On the perception that Warren sounded angry
“I was on Twitter during the debate and there were a lot of things like, ‘I'm done. I've had enough. She's gone.’ … I would say it made some men uncomfortable. That if you actually look at what she's saying and her tone of voice, it's extremely controlled, but it's controlled the way a prosecutor is controlled. I mean, she is prosecuting a case. But listen to what [Michael] Bloomberg said about her last night. ‘Nothing is enough for her.’”
On Warren and Bloomberg’s back-and-forth about allegations that he told a young employee to “kill it” when he learned the woman was pregnant
“When he says nothing is enough for her, that language is as though he's talking about placating an angry spouse. But I find that kind of language and talking about women's anger in this contest is widely used as though nothing will be enough for her. And it's that ‘kill it’ moment which really froze the debate because it's really the most radical thing that happened. And it continued on in her interview with [MSNBC’s] Chris Matthews, where Chris Matthews kept saying, ‘You believe he's lying just to protect himself? Why would he do that?
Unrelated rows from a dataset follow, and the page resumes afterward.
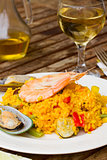 Dining with paella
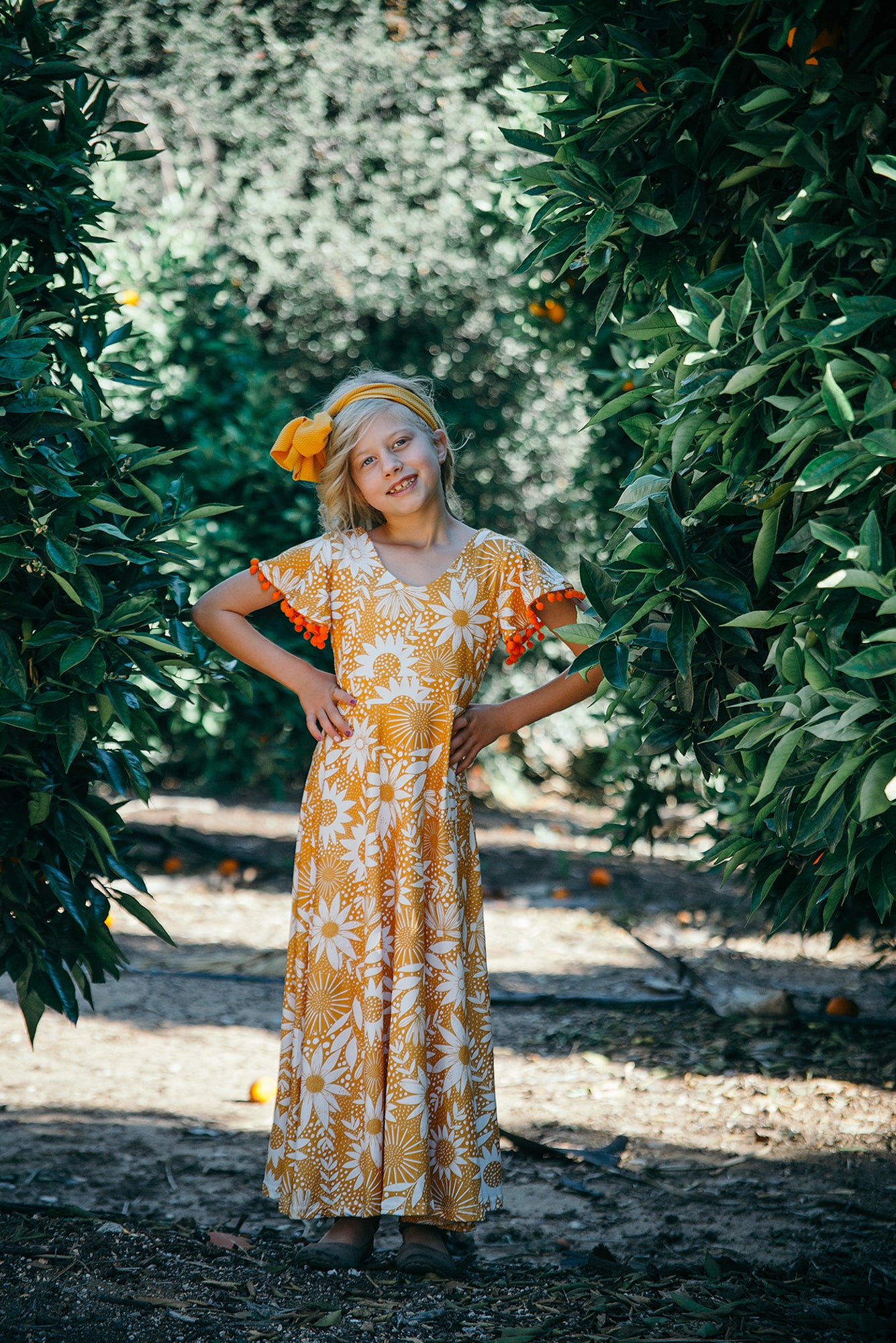 Callie Sunflower Maxi Dress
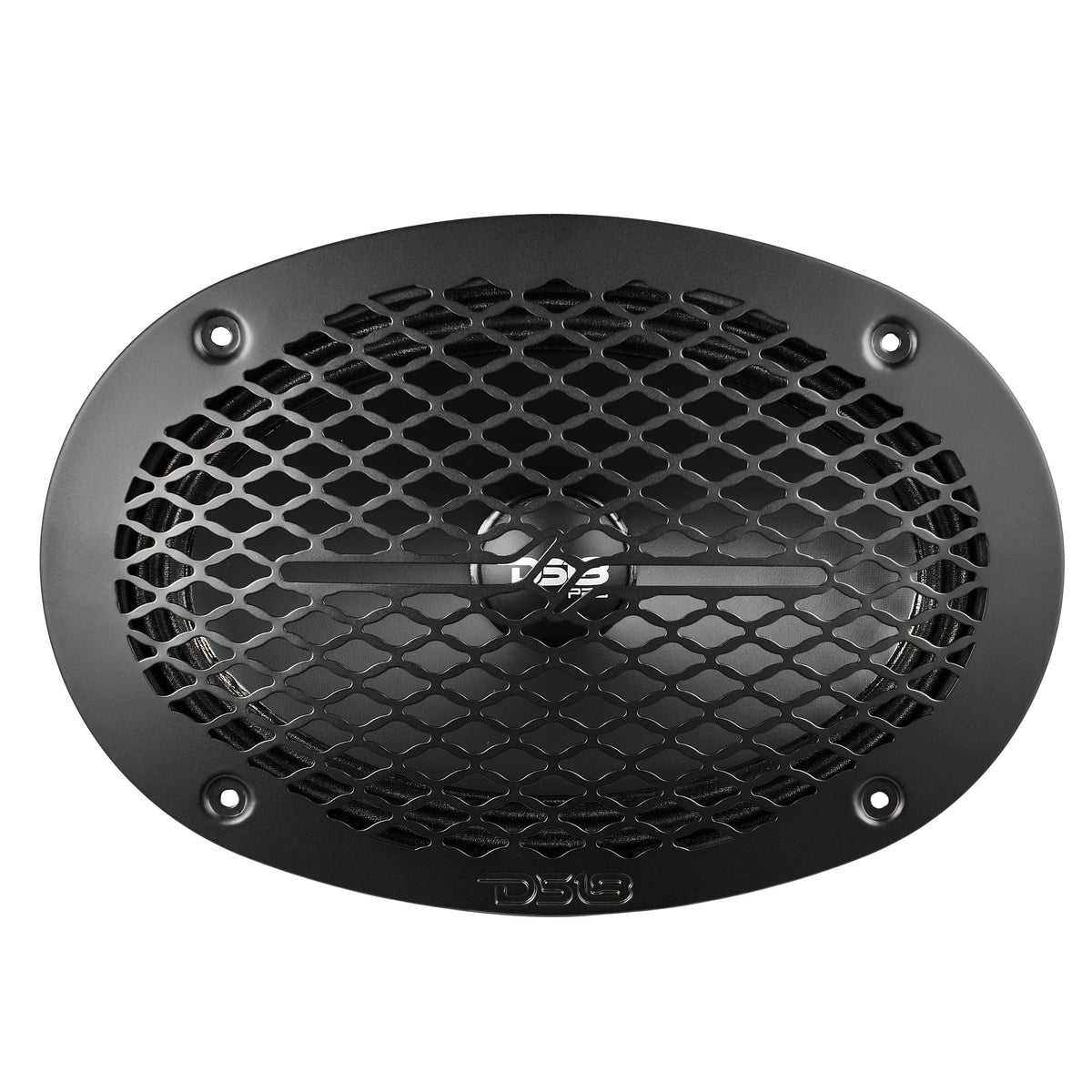DS18 PRO-GRILL69MS in-car integration protects speakers during drives and looks bold.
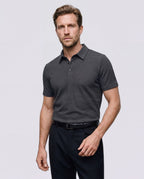 Playera Polo para Hombre de Punto Texturizado y Elástico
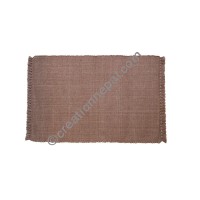Dining table placemat solid brown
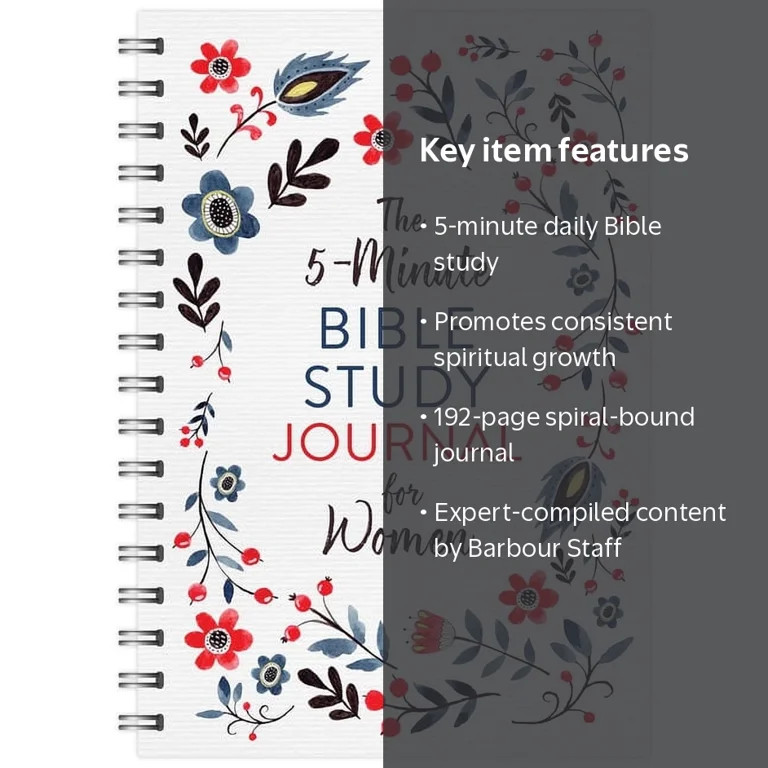 Compiled by Barbour Staff The 5-Minute Bible Study Spiral Bound Blank Diaries and Journals for Wo... | Walmart (US)
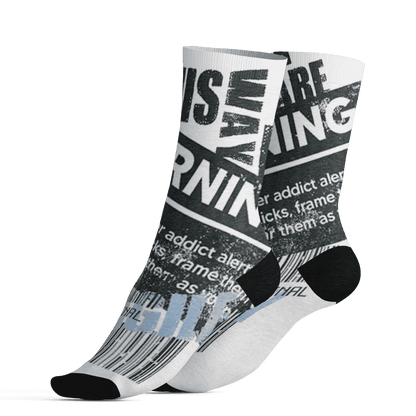 AJ 6 Reverse Oreo Socks Match Sneaker Addict 3D All-Over Print Warning - NastyJamz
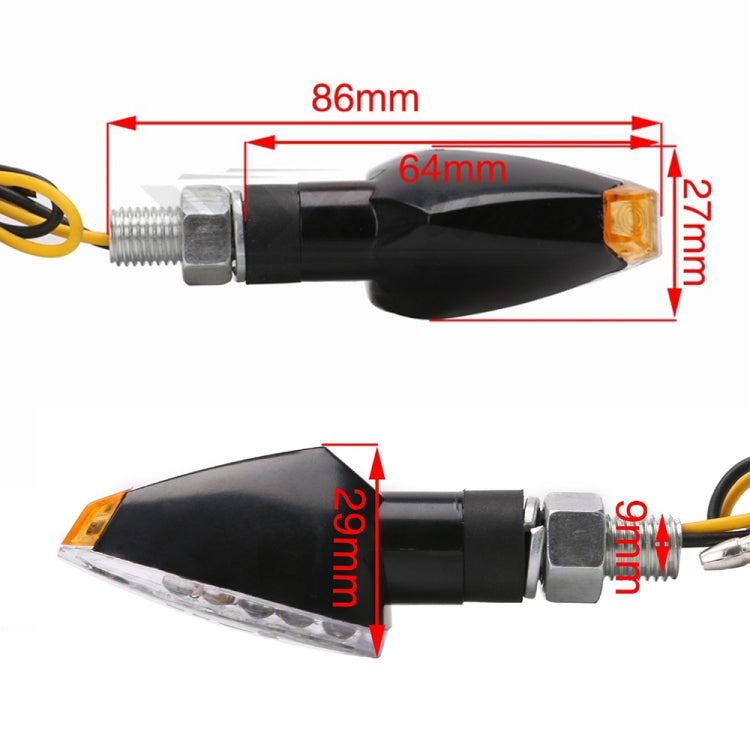 Speedpark Motorcycle Modified Turn Signal Light Triangular Arrow Turning Reminder Light - Turn Signal by Speedpark | Online Shopping UK | buy2fix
You think he's that kind of person?’ ”
“She may have made a mistake because people weren't familiar enough with the incident, whereas when she was talking about the [nondisclosure agreements], they were more familiar with the story … But I think that somebody like Bloomberg has a hard time even feeling that he's done something wrong because this whole discussion has taken place, if it took place, in an atmosphere where it's being discussed in a kind of ‘as if land’ in their heads.”
On how none of the women candidates are portraying themselves as mothers like Hilary Clinton and Sarah Palin did during their runs for office
“As a matter of fact, Amy Klobuchar almost had a death-defying, killing-her-candidacy moment when it came out that she ate her food with a comb. People went berserk because on an airplane when they didn't give her an implement, she ate her food with a pocket comb. I mean, a mom would tear that pocket comb out of a child's hand and say, never do that.
“All of the women who ran: Kamala Harris, [Kirsten] Gillibrand, none of them really came out, you know, with their maternal bona fides being put forward first. Look at how Hillary Clinton came back in the primaries last time. She cried. After New Hampshire, and she broke down in tears that people were willing to take a second look at her. So it was a completely different kind of candidate, a completely different kind of vibration. So I think we're seeing a revolution in how women are allowing themselves to appear on the national stage. And I think that people are actually having a hard time with it, a very hard time with it.”
On Klobuchar’s food-related comments
“I think Amy Klobuchar is trying to have it both ways. She signals this kind of down-home folksiness not just by talking about her kind of third way, but by making these gestures toward cooking and food and hot dishes and a kind of homeliness. On the other hand. she has been you could argue that her style of attacking Buttigieg showed a kind of unbridled hostility.”
On Klobuchar’s statement that a woman can’t get on a debate stage with as little experience in politics as Pete Buttigieg
“She actually called it out, but she actually had the bravery to say to Pete, 'Are you making fun of me? 'Are you talking down to me?' These gender things have been very raw and discussed and very out there.”
Correction: In the audio version of this story, a quote referring to Elizabeth Warren — "Her righteous but naked aggression made some women uncomfortable" — was attributed to Jennifer Rubin of The Washington Post. In fact, Julie Wittes Schlack of WBUR wrote the quote in a recent article. We regret the error.
This segment aired on February 26, 2020.